PROVIDED RECORDS Start Marker

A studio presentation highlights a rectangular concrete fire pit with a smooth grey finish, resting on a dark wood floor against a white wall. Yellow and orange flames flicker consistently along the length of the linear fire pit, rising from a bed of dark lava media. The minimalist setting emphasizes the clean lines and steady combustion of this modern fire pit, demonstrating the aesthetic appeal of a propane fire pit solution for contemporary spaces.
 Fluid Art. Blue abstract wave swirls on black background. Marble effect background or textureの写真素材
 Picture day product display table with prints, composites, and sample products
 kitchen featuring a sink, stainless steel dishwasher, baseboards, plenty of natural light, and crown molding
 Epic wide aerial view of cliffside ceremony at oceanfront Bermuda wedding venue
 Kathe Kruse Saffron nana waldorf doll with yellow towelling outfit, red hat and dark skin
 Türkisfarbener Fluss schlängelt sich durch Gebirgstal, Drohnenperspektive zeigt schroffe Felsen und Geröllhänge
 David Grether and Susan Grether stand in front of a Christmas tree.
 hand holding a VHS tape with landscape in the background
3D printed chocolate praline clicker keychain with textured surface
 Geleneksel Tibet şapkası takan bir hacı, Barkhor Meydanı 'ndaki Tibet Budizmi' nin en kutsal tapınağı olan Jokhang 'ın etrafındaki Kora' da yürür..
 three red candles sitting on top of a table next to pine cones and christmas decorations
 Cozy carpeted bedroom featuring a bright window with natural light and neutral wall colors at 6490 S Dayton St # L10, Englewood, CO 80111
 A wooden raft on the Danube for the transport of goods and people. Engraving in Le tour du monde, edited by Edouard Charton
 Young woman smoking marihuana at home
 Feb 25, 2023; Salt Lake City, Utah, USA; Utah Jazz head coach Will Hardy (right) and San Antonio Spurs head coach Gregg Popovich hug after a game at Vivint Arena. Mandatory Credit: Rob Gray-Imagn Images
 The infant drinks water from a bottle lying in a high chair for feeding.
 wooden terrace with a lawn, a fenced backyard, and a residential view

PROVIDED RECORDS End Marker

◆ DIRECTIONS FOR THIS TASK: An exact printout is needed of the lines from the one containing "A wooden raft" through the end of the listing above, both of those lines included, and nothing else.

◆ SOLUTION TO THIS TASK:
 A wooden raft on the Danube for the transport of goods and people. Engraving in Le tour du monde, edited by Edouard Charton
 Young woman smoking marihuana at home
 Feb 25, 2023; Salt Lake City, Utah, USA; Utah Jazz head coach Will Hardy (right) and San Antonio Spurs head coach Gregg Popovich hug after a game at Vivint Arena. Mandatory Credit: Rob Gray-Imagn Images
 The infant drinks water from a bottle lying in a high chair for feeding.
 wooden terrace with a lawn, a fenced backyard, and a residential view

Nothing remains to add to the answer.